This is an open invitation to the community. PartialLeastSquaresRegressor.jl is a package made in Julia with the aim of solving regression problems, especially when there are few samples. Very suitable for domains such as biomedical, healthcare, chemistry or even other domains.
The package now has a new interface and is registered with MLJ. As soon as possible it will be possible to use it by calling via @load from MLJ.
If you want to help contribute to the package, welcome!
Below, a little bit of development history for those interested:
Three years ago I started the development of a package on an algorithm called Partial Least Squares Regressor very efficient for problems in which we have few samples. This was the first implementation, I believe, of this regressor in the Julia language. At the time, if I remember correctly, there was no implementation even in Scikit-learn and in R packages. During development, I implemented three versions of the algorithm: PLS1, a linear regressor with a single target; PLS2, a multitarget linear regressor; and finally, Kernel PLS, a multitarget regressor for non-linear problems. All of these in one package. Over time some colleagues helped us, mainly, @filipebraida.
Recently, the MLJ team (@ablaom , @tlienart ), and with help of @azev77, found us and helped us a lot so that we could put an interface for MLJ. Ah, we also changed the name of the package to obtain greater conciseness and clarity.

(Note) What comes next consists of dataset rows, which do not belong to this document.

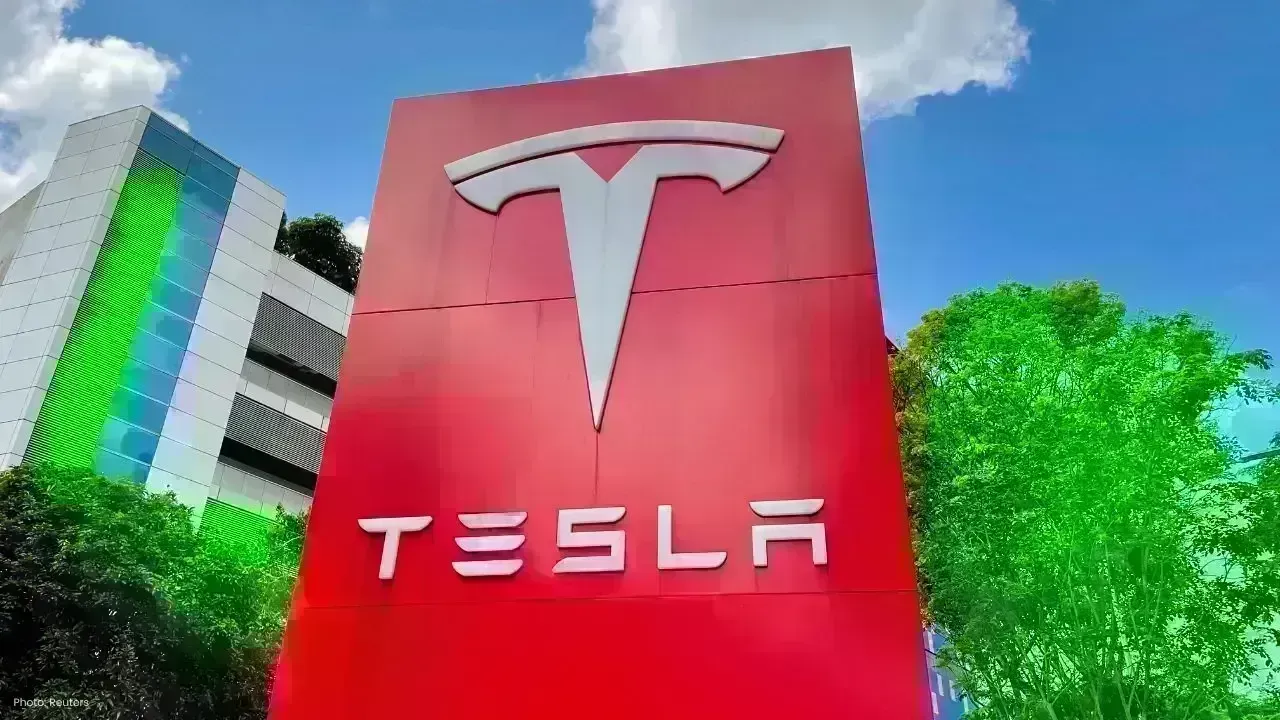 Dutch Authorities Approve Tesla's FSD for European Roads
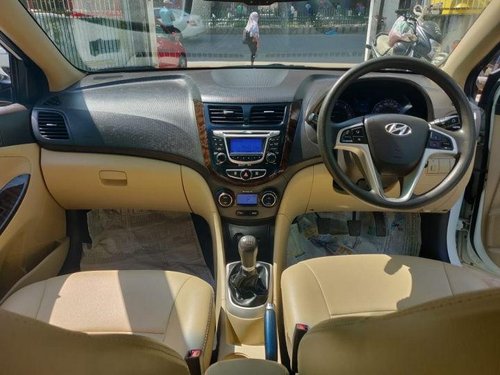 Used Hyundai Verna CRDi SX MT car at low price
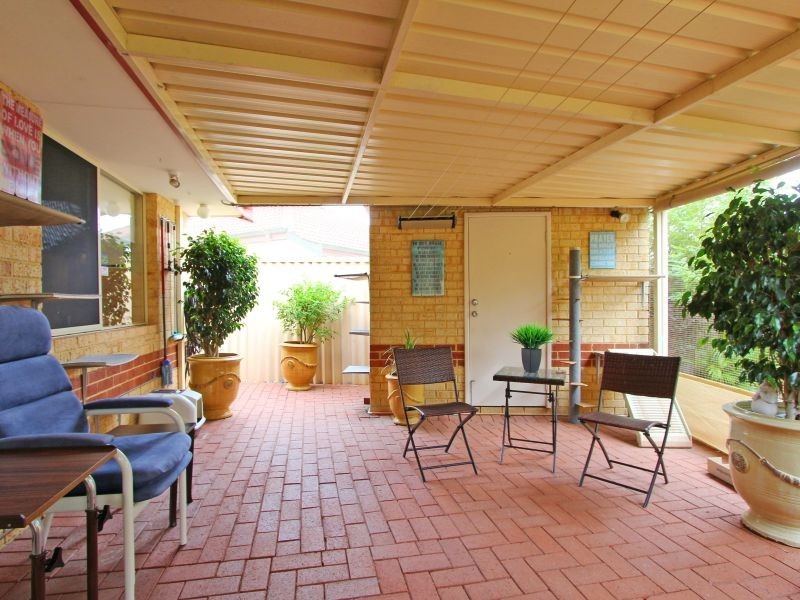 8/16 Heron Place, Maddington WA 6109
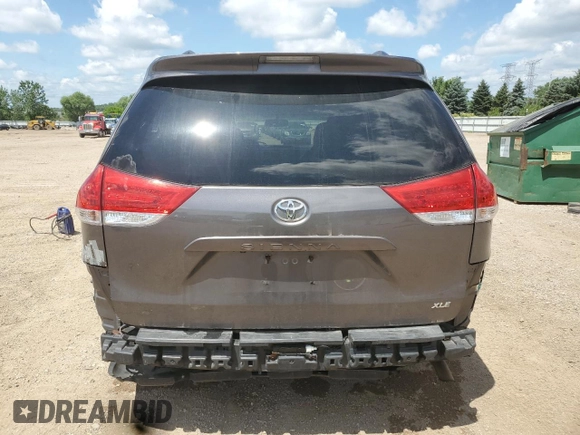 2013 Toyota Sienna XLE AAS z VIN 5TDYK3DC7DS405214, wystawiony jako Copart lot #62500205 z przebiegiem 182 468 mil mil oraz Szkoda całkowita • Salvage title. Historia ofert i sprzedaży dostępna na DreamBid. Obrazek 6.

Also you might want to add diagonistics like Leverage, Explained variance in X&Y, and Q& Hotelling statistics as in here: https://github.com/caseykneale/ChemometricsTools.jl/blob/master/src/ModelAnalysis.jl#L21. This goes in line with forming a regression coefficient vector, many people will inspect their regression coefficients visually or mathematically. So I really recommend the approach in the previous post.
PLS is close to useless without those kinds of diagnostics…
I am kind of involved in a lot of stuff too, but I could contribute most of that stuff for you pretty easily. Maybe sometime this week I could get too it if that’s OK?
I don’t know how or if the MLJ hooks can handle billinear things but I can at least add them to the base repo.
I wouldn’t worry about it, I feel like you could say R already did it for tons of stats things like in that Southpark episode where the they utter the phrase the Simpsons already did it!
Hi. I Will create some issues in the repo. Some of the enhancements are: a) perform benchmarks for each algorithm and find ways to improve execution time b) implement Simpls c) automatic way of finding the factors using variance d) a nice documentation … e) be the best and fastest PLS package regarding other languages !!!
Cool! Any reason you didn’t call it simply PartialLeastSquares.jl? That would save some typing and I don’t think there’s a risk of confusion with other methods.
There’s actually a few other methods, which are not the same as PLSR called Partial Least Squares. Partial least squares - discriminant analysis (PLSDA), and partial least squares structural equation modelling(PLS-SEM). So the name is fine. Abbreviating to something like “PLSRegression.jl” could work.
Nice! I did a manual and quite bad implementation of NIPALS algorithm a little while ago for a assignment in Linear Models. Definitively not as elegant as your code.
However, one thing I would love is if there’s an argument in order to return the residue matrices.